* _Prompt_
Give the lines again exactly as they appear, from the first line of the listing through the line containing "CNC İşleme Merkezi", and omit every picture.
[Source material — start]
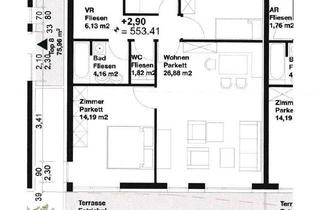 Wohnung mieten in Schreiberweg 12, 6263 Kapfing, Moderne 3-Zimmer Wohnung mit großem Balkon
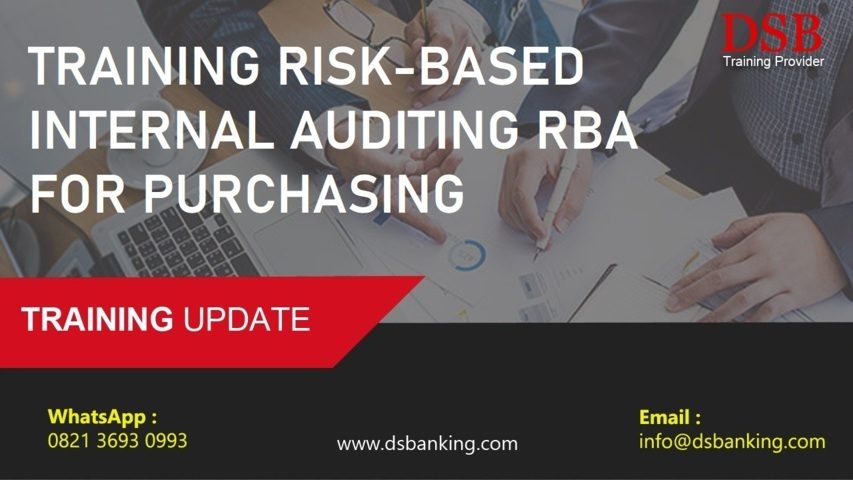 TRAINING RISK-BASED INTERNAL AUDITING RBA FOR PURCHASING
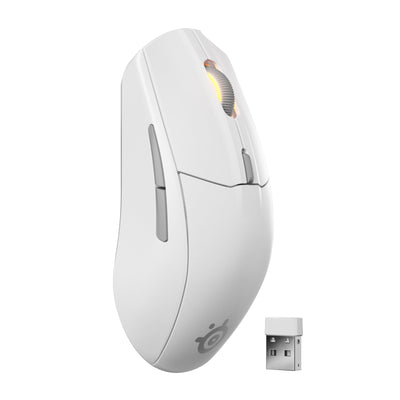 Steelseries Mouse - Rival 3 Wireless Gen. 2 White (62524) — image 1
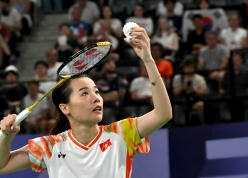 Nguyễn Thùy Linh lọt nhóm khắc tinh của huyền thoại PV Sindhu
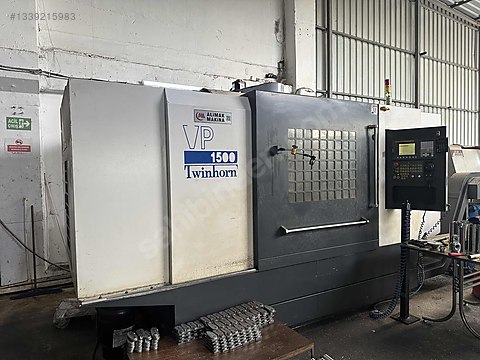 CNC İşleme Merkezi - Metal İşleme Endüstri Makineleri - 1339215983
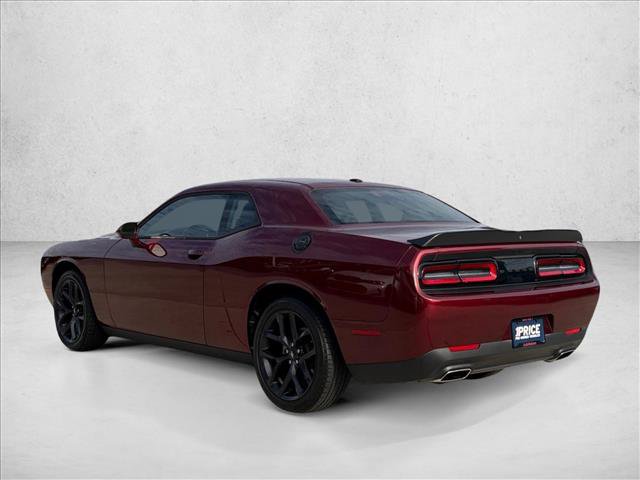 Used 2023 Dodge Challenger SXT w/ Blacktop Package RWD image 8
[Source material — finish]
* _Result for this task_
 Wohnung mieten in Schreiberweg 12, 6263 Kapfing, Moderne 3-Zimmer Wohnung mit großem Balkon
 TRAINING RISK-BASED INTERNAL AUDITING RBA FOR PURCHASING
 Steelseries Mouse - Rival 3 Wireless Gen. 2 White (62524) — image 1
 Nguyễn Thùy Linh lọt nhóm khắc tinh của huyền thoại PV Sindhu
 CNC İşleme Merkezi - Metal İşleme Endüstri Makineleri - 1339215983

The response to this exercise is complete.